Par ses déclarations au-dessus de l’Atlantique, le pape vient donc confirmer publiquement que les négociations existent et que les pourparlers progressent. Faute d’éléments concrets supplémentaires, on peut seulement constater qu’en août dernier, une ordination épiscopale a eu lieu en Chine populaire et que celle-ci, en la personne de Mgr Zhang Yinlin pour le diocèse d’Anyang (province du Henan), a concerné un candidat à l’épiscopat approuvé par Pékin et accepté par Rome. C’était la première ordination depuis trois ans, la première depuis que le cardinal Bergoglio a été élu pape en mars 2013 et la première depuis que la reprise, en juin 2014, des négociations entre Rome et Pékin.

Mais, du côté chinois, Pékin ne semble pas préparer de réforme de sa politique religieuse. Ce 22 septembre, le Front uni (1) a publié un document de 46 articles, dont quelques-uns ont trait aux religions. Il y est précisé que ce document a été approuvé le 30 avril dernier par le Comité permanent du Bureau politique du Parti – les sept dirigeants qui contrôle le pays – et qu’il est entré en application le 18 mai.
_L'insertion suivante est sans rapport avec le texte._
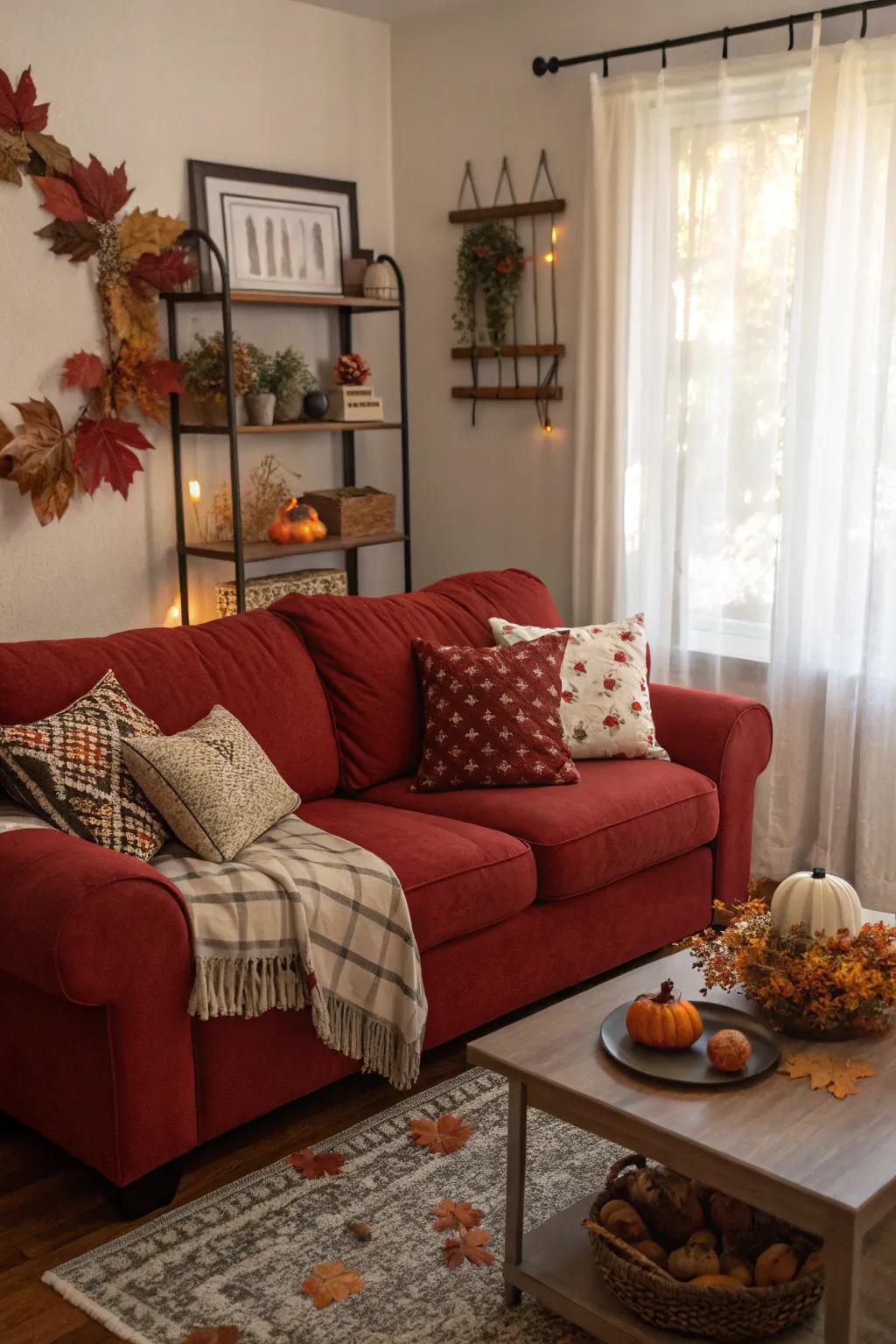Seasonal décor maintains the freshness of your living room and keeps it in sync with the changing seasons.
Le fond doctrinal sous-jacent à ce document est de facture très classique : les religions n’ont de droit de cité en Chine que si elles font preuve de leur « utilité sociale » et dans la mesure où elles contribuent au « travail d’unification nationale » ; il est aussi rappeler que les religions doivent « garder fermement le principe de sinisation », ce qui implique de « prévenir » toute implication étrangère dans les activités religieuses des Chinois.
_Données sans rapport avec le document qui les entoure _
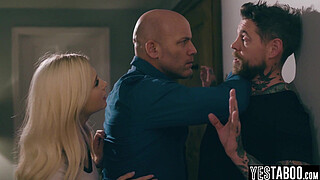 Teen stepdaughter blows and fucks evil BF in front of stepparents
Quant à une éventuelle nouveauté que la présidence Xi Jinping pourrait introduire en matière de politique religieuse, il faudra attendre. Selon l’agence Ucanews, Xi Jinping doit présider le mois prochain une réunion à haut niveau du Parti consacrée aux affaires religieuses. Ce serait la première réunion de ce type à être présidée par Xi Jinping depuis son accession aux plus hautes fonctions. Des orientations qui y seront prises dépendra peut-être la teneur de la prochaine rencontre entre les négociateurs chinois et du Saint-Siège, laquelle est attendue vers la fin de cette année.